“Apprezzate le parole, ma la realtà è un’altra”. È questo, in sintesi, il commento di Donato Capece, Segretario Generale del SAPPE – Sindacato Autonomo di Polizia Penitenziaria, al termine della giornata “Recidiva Zero”, promossa da CNEL e Ministero della Giustizia e dedicata al lavoro in carcere.
Capece ha espresso gratitudine alle istituzioni per l’attenzione mostrata verso il Corpo di Polizia Penitenziaria:
«Ringrazio sinceramente il presidente del Senato Ignazio La Russa, il presidente del CNEL Renato Brunetta, il ministro della Giustizia Carlo Nordio, il sottosegretario Andrea Ostellari, il capo del DAP Stefano Carmine De Michele e il capo del Dipartimento per la Giustizia Minorile e di Comunità Antonio Sangermano per le parole di vicinanza, stima e anche affetto rivolte ai Baschi Azzurri».
Ma, subito dopo i ringraziamenti, arriva la critica frontale:
«Alle belle parole non corrispondono i fatti», dichiara Capece. «Oggi solo 3.000 dei 60.000 detenuti presenti in Italia lavorano per imprese esterne, nonostante il lavoro riduca la recidiva al 2% e siano previste agevolazioni fiscali per le aziende. La legge Smuraglia – che prevede crediti d’imposta fino a 520 euro mensili per ogni detenuto assunto – è ancora poco applicata».
Capece non nasconde l’amarezza per l’assenza di rappresentanti del Corpo tra i relatori dell’iniziativa:
«Gli organizzatori non hanno ritenuto opportuno ascoltare chi rappresenta gli agenti penitenziari. Avrebbero sentito parole scomode, ma vere, sul fallimento del sistema carcerario nel garantire un reale reinserimento».
Secondo Capece, il carcere italiano soffre di ozio forzato e di una mancanza strutturale di attività formative e lavorative qualificate:
«Il 70% dei detenuti, secondo alcune stime, torna a delinquere. Poco meno del 30% ha un lavoro, ma spesso si tratta di mansioni saltuarie e non professionalizzanti.

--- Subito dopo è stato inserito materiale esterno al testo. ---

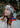 Chunky Knit Sheep Headband - Grey Rainbow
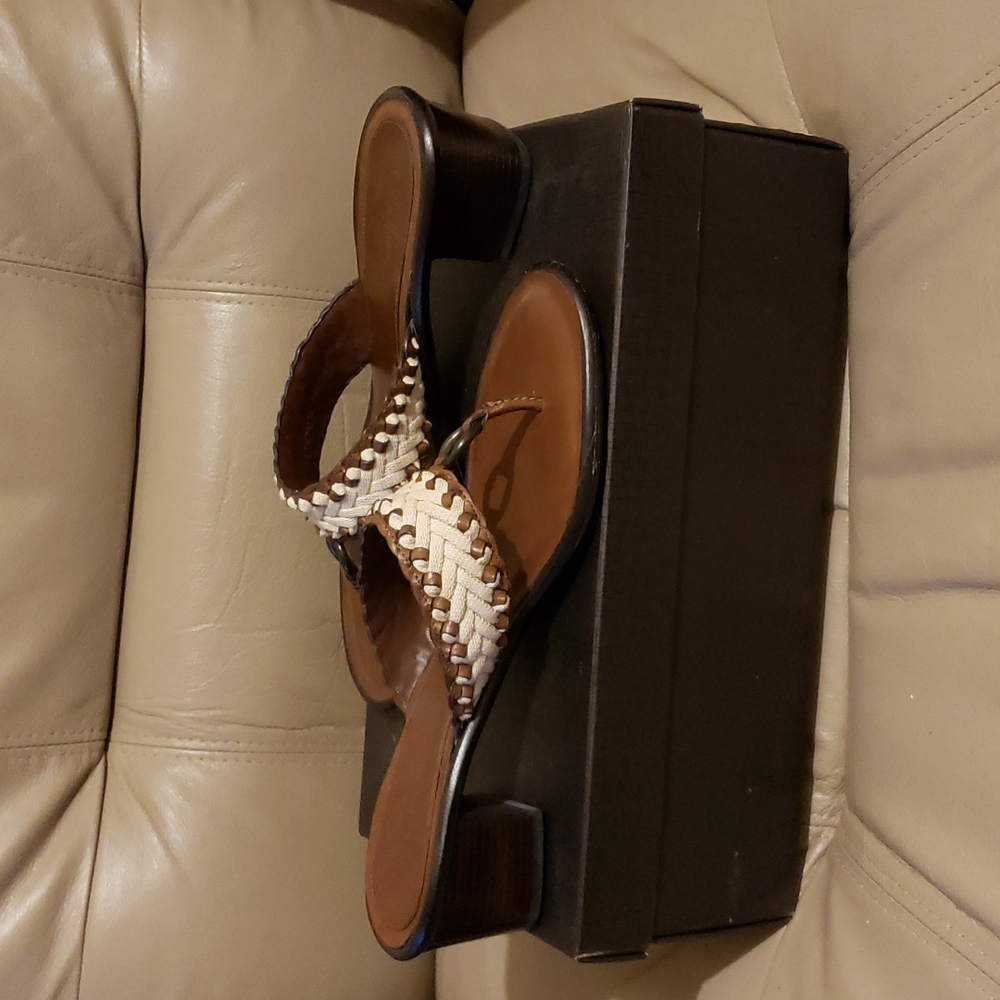 Ladies Shoes Cole Haan Brown leather thongs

Solo il 5% è impiegato in attività qualificanti spendibili dopo la pena».
Le proposte del SAPPE
Capece rilancia alcune proposte operative:
- Obbligatorietà del lavoro per tutti i detenuti, con parte dello stipendio destinato al mantenimento in carcere e il resto alla famiglia;
- Certificazioni professionali anonime, per evitare stigmi sociali post-detenzione;
- Impiego dei detenuti nel recupero ambientale, ad esempio nella pulizia di fiumi, spiagge e boschi.
«Il lavoro – conclude Capece – è per legge il perno del trattamento penitenziario. È tempo che alle parole seguano i fatti, per la dignità dei detenuti e la sicurezza della società».